**What is required**.
Skip the pictures. Quote every line below, exactly, from the one with "A modern kitchen" through the final line.

**Dataset content**.
=== Begin Enclosure ===

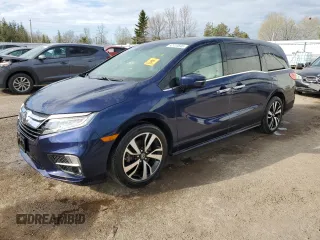 2018 Honda Odyssey Elite z VIN 5FNRL6H93JB012909, wystawiony jako Copart lot #52410845 z przebiegiem 156 735 mil mil oraz Czysty tytuł • Clean title. Historia ofert i sprzedaży dostępna na DreamBid. Obrazek 1.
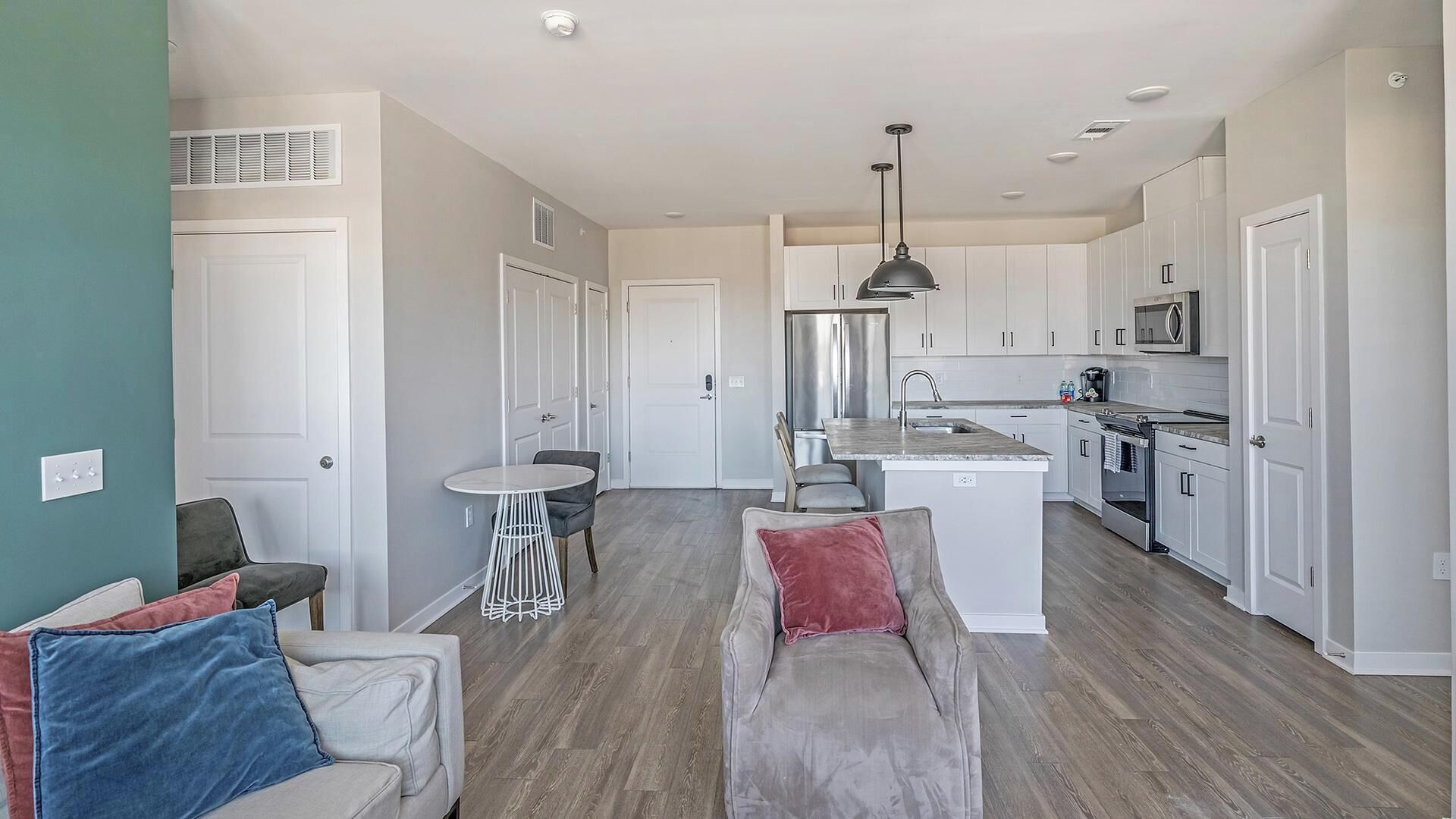 A modern kitchen with white cabinets, a stainless steel refrigerator, and a microwave. There is a dining area with a round table and two chairs.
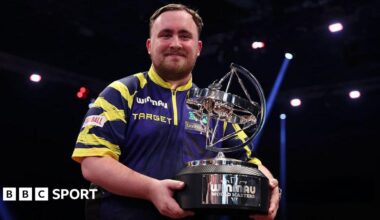 Luke Littler holding the World Masters trophy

=== End Enclosure ===

**Finished task**.
 A modern kitchen with white cabinets, a stainless steel refrigerator, and a microwave. There is a dining area with a round table and two chairs.
 Luke Littler holding the World Masters trophy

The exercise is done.